Many retirees face a similar challenge once they retire. How much money can they withdraw from their investment accounts for spending without running out of money in retirement?
Nobody wants to run out of money. But what is a safe withdrawal rate? Some people only spend portfolio interest and dividends, leaving the principal intact. Another strategy is to withdraw 4% of the initial retirement balance and adjust the dollar amount annually for inflation. There are both pros and cons for each of these strategies.
There is another idea right under our noses that may have some real benefits. How about using the IRA required minimum distribution rules? Owners of IRA accounts are required to take minimum distributions once they reach the age of 70½ using a formula dictated by the government. The year-end balance of the IRA is divided by a life expectancy factor listed in IRS Publication 590.
The idea is that retirees of any age can use the RMD calculation as a spending guidepost by dividing their total year-end portfolio balance by the life expectancy factor for their age. A recent study indicates that this strategy outperformed both the “spend only interest and dividend” rule and the “4% withdrawal” rule.
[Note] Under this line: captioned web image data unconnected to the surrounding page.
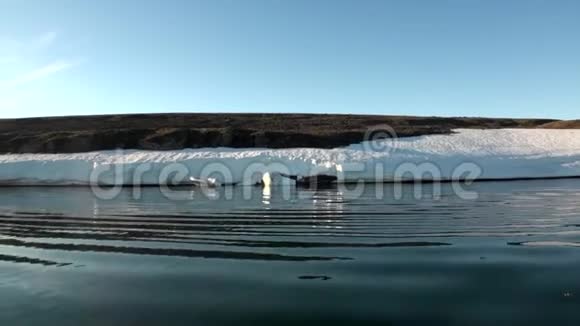 新地球上北冰洋海岸的雪和水视频的预览图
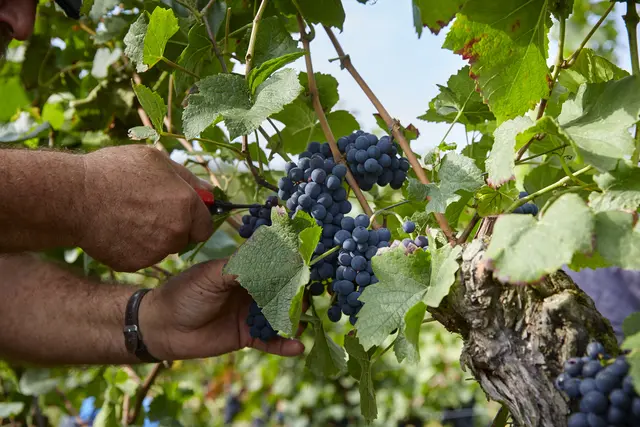 Die Lese der Trauben ist ein Höhepunkt im Weinjahr. Im Schwäbischen ist dabei der Trollinger die meist angebaute Sorte. | Foto: Kraichgau-Stromberg Tourismus e.V./Christian Ernst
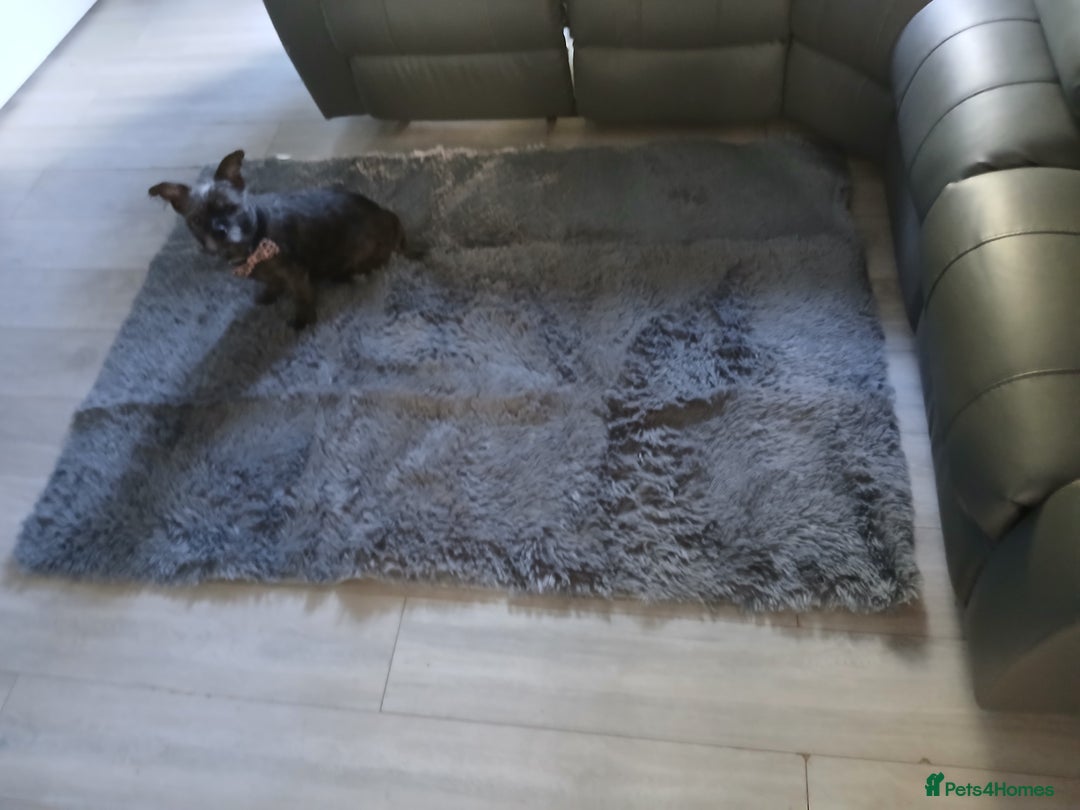 Mixed Breed dogs for sale: Mixed breed terrier - Image 2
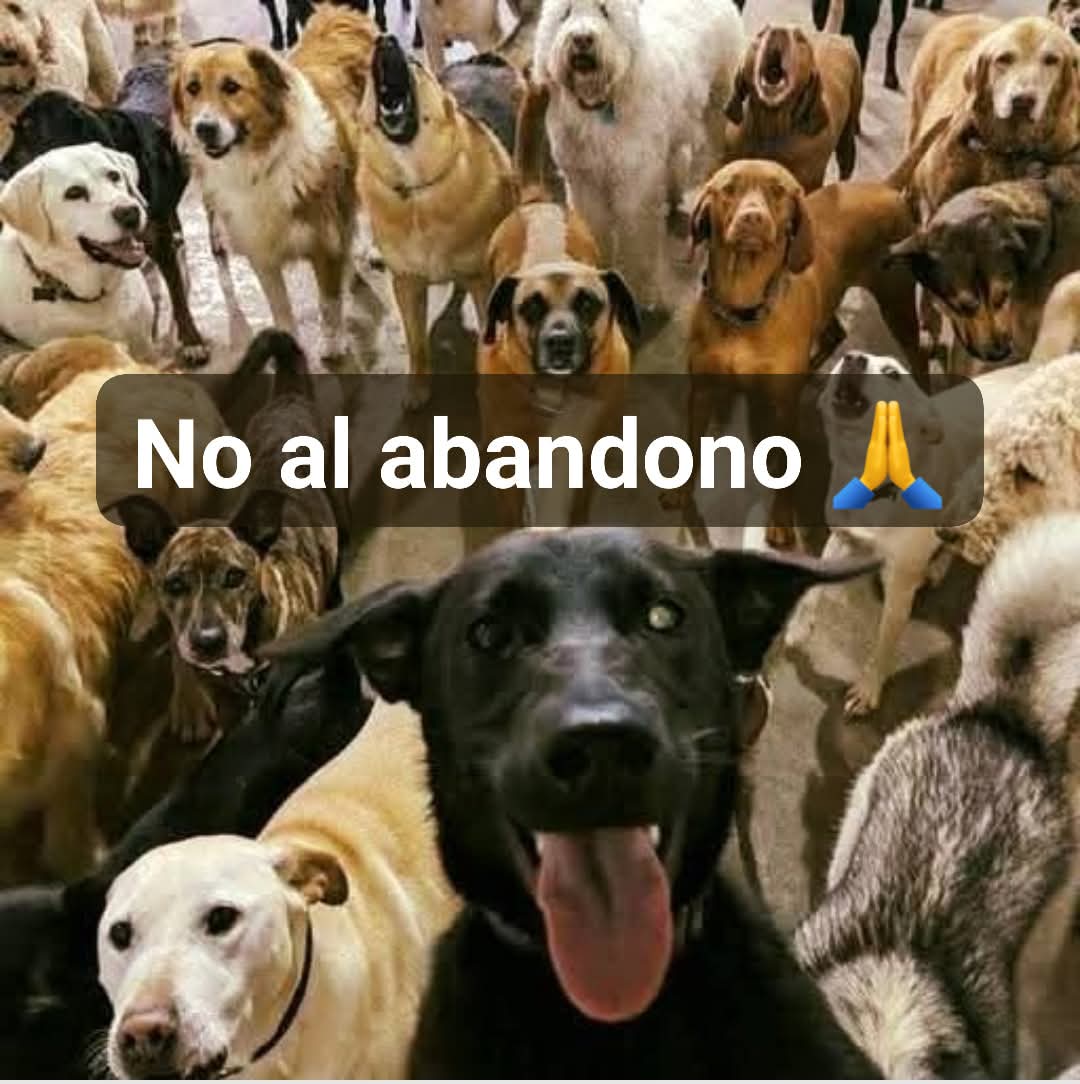 "El amor no se compra, se rescata"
Because the RMD rule is calculated as a percentage of the annual year-end portfolio balance, it is responsive to changes in portfolio returns. And because the withdrawal percentage increases with age, it allows retirees to use more of their portfolio each year as their life expectancy decreases.
No simple rule of thumb works for everyone. It may be best to have an independent professional prepare a detailed analysis to take into account of your investment allocation, your age, and your family history of longevity.